Justice Scalia, dissenting.

I join Justice Sotomayor’s dissent except as to one detail. I reject the conclusion that the Court draws from the words “continued custody” in 25 U. S. C §1912(f) not because “literalness may strangle meaning,” see post, at 11, but because there is no reason that “continued” must refer to custody in the past rather than custody in the future. I read the provision as requiring the court to satisfy itself (beyond a reasonable doubt) not merely that initial or temporary custody is not “likely to result in serious emotional or physical damage to the child,” but that continued custody is not likely to do so. See Webster’s New International Dictionary 577 (2d ed. 1950) (defining “continued” as “[p]rotracted in time or space, esp. without interruption; constant”). For the reasons set forth in Justice Sotomayor’s dissent, that connotation is much more in accord with the rest of the statute.

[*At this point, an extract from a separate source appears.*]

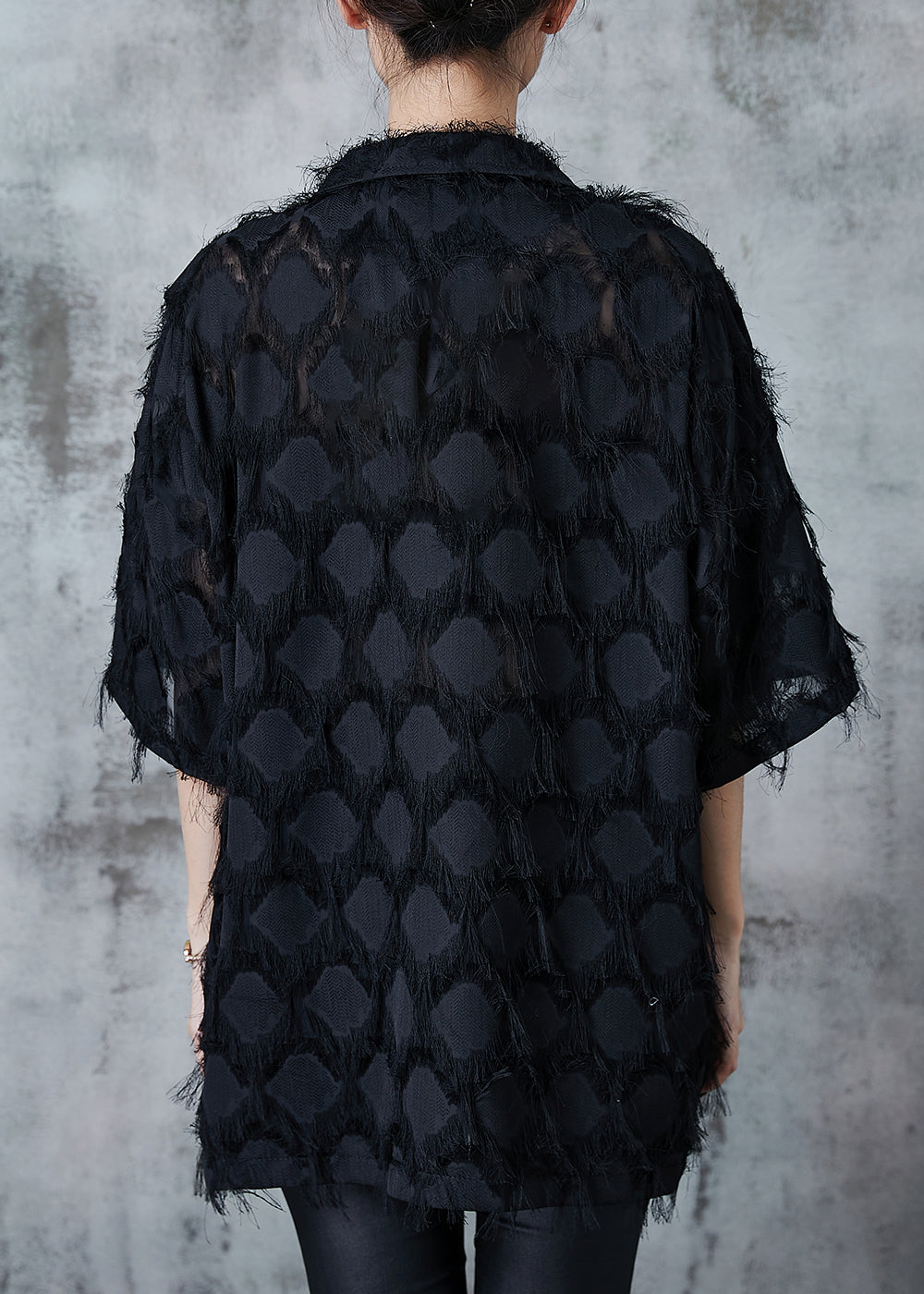 Well Tailored Shirt with a Graceful Silhouette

While I am at it, I will add one thought. The Court’s opinion, it seems to me, needlessly demeans the rights of parenthood. It has been the constant practice of the common law to respect the entitlement of those who bring a child into the world to raise that child. We do not inquire whether leaving a child with his parents is “in the best interest of the child.” It sometimes is not; he would be better off raised by someone else. But parents have their rights, no less than children do. This father wants to raise his daughter, and the statute amply protects his right to do so. There is no reason in law or policy to dilute that protection.